En tercer lugar, se aprecia cómo la preocupación de nuestros legisladores, basada en la proliferación de violencia y asesinatos machistas, se ha concretado en un endurecimiento de las penas y en la introducción de nuevos castigos. Estos incluyen el apartamiento del agresor de sus hijos, lo cual es visto como una medida muy positiva, pues una persona que agrede a su pareja, menoscabando su dignidad como persona, y que ha creado secuelas en todos los miembros vulnerables de la familia, no debe mantener vínculos con los hijos menores de edad, a fin de proteger y salvaguardar su desarrollo integral.

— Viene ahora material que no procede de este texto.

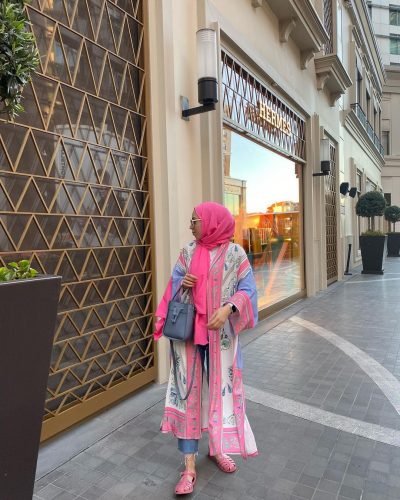 Stylish Ways To Wear Floral For Fall Hijab Look 2022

Evidentemente, como todo procedimiento sancionador, a mayor gravedad de la conducta mayor castigo, y es ahí donde el sistema de garantías constitucionales debe ser exhaustivo y eficaz. El testimonio de la víctima requerirá que sea mínimamente verosímil y persistente, sin contradicciones ni motivaciones espurias. Deberá ir acompañado de otras corroboraciones, como son por ejemplo testimonios de otras personas o dictámenes forenses. El que se requiera un mínimo probatorio no supone, en abstracto, dejar indefensa a la víctima, por cuanto en un Estado de Derecho nadie debe ser condenado sin una mínima y suficiente actividad probatoria de cargo.

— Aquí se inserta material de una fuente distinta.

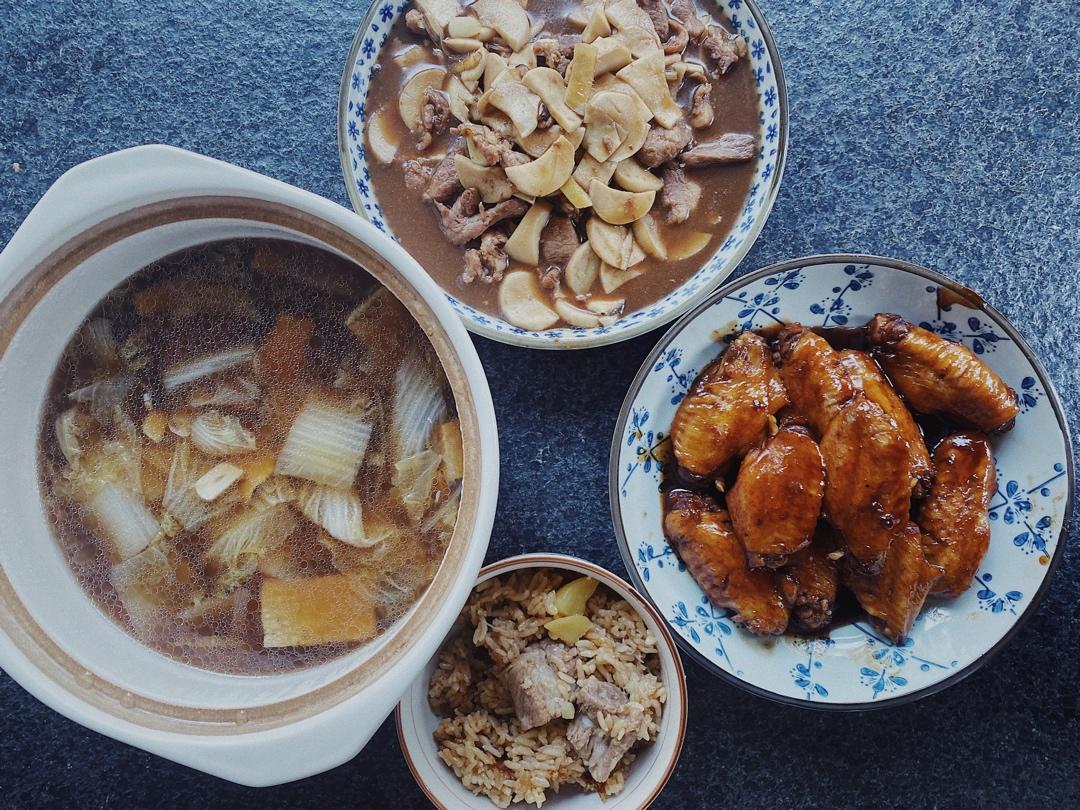 喷香排骨焖饭（爆好吃）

De ahí que parezca desproporcionado que la crítica sobre la desprotección de las víctimas se centre en el Derecho penal, pues -recordemos- este es la última herramienta para combatir la violencia de género. No es razonable (como propugna alguna formación política) que sin previa denuncia se le dote a la mujer de protección penal contra su agresor, pues lo que hay que hacer es animar a que se denuncie la agresión machista. Como tampoco lo es que se equipare la violencia de género a la violencia familiar en general, tratando de restar importancia a los comportamientos machistas en el ámbito familiar y, por el contrario, cargar la culpa sobre las mujeres sometidas (propuesta programática de otra formación política).
No permitamos que se nos instrumentalice desenfocando el machismo propio del sistema patriarcal en el que estamos inmersas reduciéndolo al Código Penal, pues por más que se acuda a este, los ataques machistas no se reducirán hasta que la sociedad en conjunto aúne esfuerzos para que las mujeres nos sintamos en igualdad de condiciones en todos los ámbitos.
Reivindicar más dureza en el castigo penal es una solución relativamente fácil para el legislador. Sin embargo, centrar los esfuerzos en el trabajo de cuidados, en reducir la brecha salarial, en educar para la igualdad o en proscribir los comportamientos “micromachistas” sí requiere un gran esfuerzo institucional y no pocos recursos económicos.
Para combatir la violencia de género o el comportamiento machista sobre la mujer, la sociedad tiene varias herramientas: entre ellas, la educación en las escuelas o la prevención mediante campañas que invoquen el principio de no discriminación y de dignidad humana tanto en el ámbito laboral como en el social y convivencial. La última herramienta la constituye el castigo o la sanción de carácter penal. Es decir, cuando el sujeto no atiende a las demandas sociales de trato igualitario y se adentra en comportamientos violentos con efectos degradantes contra la dignidad de la mujer, es entonces cuando debe activarse con todo su rigor el elenco de medidas recogidas en el Código Penal.
Por sus efectos sancionadores, que incluyen desde la incomunicación hasta la pena de prisión, pasando por la inhabilitación para el ejercicio de la patria potestad, se ha entendido que el concepto penal de comportamiento machista ha de ser necesariamente más limitado que el concepto social. Por tanto, no todo acto violento de un hombre contra una mujer constituye un acto machista. Cualquier agresión no pone en peligro la dignidad y la igualdad de la mujer, pese a que en la mayoría de los casos sí ocurra de este modo. Así, la carga de la prueba acerca de que un acto violento concreto es machista corresponde a la víctima.